* **Material provided**:
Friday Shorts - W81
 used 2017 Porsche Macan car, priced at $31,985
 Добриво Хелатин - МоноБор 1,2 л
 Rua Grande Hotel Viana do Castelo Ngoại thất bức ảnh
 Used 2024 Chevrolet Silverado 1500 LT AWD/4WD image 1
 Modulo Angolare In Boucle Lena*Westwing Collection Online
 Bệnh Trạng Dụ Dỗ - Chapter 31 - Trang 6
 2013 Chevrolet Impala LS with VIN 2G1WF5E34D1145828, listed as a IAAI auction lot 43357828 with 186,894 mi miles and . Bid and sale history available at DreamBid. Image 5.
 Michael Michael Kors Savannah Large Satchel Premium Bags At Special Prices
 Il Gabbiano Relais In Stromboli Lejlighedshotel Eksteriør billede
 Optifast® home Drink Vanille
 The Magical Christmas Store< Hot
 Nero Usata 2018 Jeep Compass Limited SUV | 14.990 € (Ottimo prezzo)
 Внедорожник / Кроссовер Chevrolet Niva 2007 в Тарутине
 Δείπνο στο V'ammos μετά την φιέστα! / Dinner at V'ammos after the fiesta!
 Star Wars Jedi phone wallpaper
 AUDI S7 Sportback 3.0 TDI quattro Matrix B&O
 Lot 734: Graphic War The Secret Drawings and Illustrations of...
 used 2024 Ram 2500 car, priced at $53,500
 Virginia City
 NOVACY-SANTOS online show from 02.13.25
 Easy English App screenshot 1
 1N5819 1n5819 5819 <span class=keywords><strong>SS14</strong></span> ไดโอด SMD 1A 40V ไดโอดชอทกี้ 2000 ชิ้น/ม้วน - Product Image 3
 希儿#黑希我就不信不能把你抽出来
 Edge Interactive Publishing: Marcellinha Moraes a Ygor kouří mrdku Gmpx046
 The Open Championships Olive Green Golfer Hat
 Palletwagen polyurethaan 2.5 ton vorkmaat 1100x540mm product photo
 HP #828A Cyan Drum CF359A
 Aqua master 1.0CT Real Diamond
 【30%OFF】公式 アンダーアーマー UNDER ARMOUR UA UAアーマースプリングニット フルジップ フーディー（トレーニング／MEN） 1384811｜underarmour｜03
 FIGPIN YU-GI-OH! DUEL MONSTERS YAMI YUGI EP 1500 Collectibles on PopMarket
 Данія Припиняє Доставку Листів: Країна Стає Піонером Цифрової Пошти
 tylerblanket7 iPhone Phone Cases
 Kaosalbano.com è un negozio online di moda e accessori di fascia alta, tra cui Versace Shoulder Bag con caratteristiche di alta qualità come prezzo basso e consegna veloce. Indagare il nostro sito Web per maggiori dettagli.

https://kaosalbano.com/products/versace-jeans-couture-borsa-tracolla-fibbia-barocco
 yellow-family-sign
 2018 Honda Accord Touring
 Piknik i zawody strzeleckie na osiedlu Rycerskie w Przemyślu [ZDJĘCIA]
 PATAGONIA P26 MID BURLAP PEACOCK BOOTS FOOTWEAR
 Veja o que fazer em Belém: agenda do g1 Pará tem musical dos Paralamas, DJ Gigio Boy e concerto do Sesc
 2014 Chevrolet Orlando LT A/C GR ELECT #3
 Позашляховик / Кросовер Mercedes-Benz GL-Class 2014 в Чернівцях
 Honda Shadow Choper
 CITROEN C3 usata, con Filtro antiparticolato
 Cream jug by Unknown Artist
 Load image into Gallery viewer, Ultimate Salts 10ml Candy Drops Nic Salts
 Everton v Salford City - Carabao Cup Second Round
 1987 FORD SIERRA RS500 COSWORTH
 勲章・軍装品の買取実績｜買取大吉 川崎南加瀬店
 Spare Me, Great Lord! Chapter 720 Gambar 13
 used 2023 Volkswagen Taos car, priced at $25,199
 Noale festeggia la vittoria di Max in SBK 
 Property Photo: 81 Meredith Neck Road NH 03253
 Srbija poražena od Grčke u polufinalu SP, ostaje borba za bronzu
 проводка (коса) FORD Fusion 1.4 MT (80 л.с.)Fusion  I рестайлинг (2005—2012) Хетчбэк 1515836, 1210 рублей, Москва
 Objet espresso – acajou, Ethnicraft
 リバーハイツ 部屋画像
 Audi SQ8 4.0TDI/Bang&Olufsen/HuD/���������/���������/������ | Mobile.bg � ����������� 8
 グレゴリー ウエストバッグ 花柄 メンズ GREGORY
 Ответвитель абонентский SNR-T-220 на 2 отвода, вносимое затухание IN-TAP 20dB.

* **Task requirements**: Taking the entries above, restate exactly those lines that fall between the line with "Lot 734: Graphic" and the line with "PATAGONIA P26 MID", keeping both of those lines too.

* **Solution below**:
 Lot 734: Graphic War The Secret Drawings and Illustrations of...
 used 2024 Ram 2500 car, priced at $53,500
 Virginia City
 NOVACY-SANTOS online show from 02.13.25
 Easy English App screenshot 1
 1N5819 1n5819 5819 <span class=keywords><strong>SS14</strong></span> ไดโอด SMD 1A 40V ไดโอดชอทกี้ 2000 ชิ้น/ม้วน - Product Image 3
 希儿#黑希我就不信不能把你抽出来
 Edge Interactive Publishing: Marcellinha Moraes a Ygor kouří mrdku Gmpx046
 The Open Championships Olive Green Golfer Hat
 Palletwagen polyurethaan 2.5 ton vorkmaat 1100x540mm product photo
 HP #828A Cyan Drum CF359A
 Aqua master 1.0CT Real Diamond
 【30%OFF】公式 アンダーアーマー UNDER ARMOUR UA UAアーマースプリングニット フルジップ フーディー（トレーニング／MEN） 1384811｜underarmour｜03
 FIGPIN YU-GI-OH! DUEL MONSTERS YAMI YUGI EP 1500 Collectibles on PopMarket
 Данія Припиняє Доставку Листів: Країна Стає Піонером Цифрової Пошти
 tylerblanket7 iPhone Phone Cases
 Kaosalbano.com è un negozio online di moda e accessori di fascia alta, tra cui Versace Shoulder Bag con caratteristiche di alta qualità come prezzo basso e consegna veloce. Indagare il nostro sito Web per maggiori dettagli.

https://kaosalbano.com/products/versace-jeans-couture-borsa-tracolla-fibbia-barocco
 yellow-family-sign
 2018 Honda Accord Touring
 Piknik i zawody strzeleckie na osiedlu Rycerskie w Przemyślu [ZDJĘCIA]
 PATAGONIA P26 MID BURLAP PEACOCK BOOTS FOOTWEAR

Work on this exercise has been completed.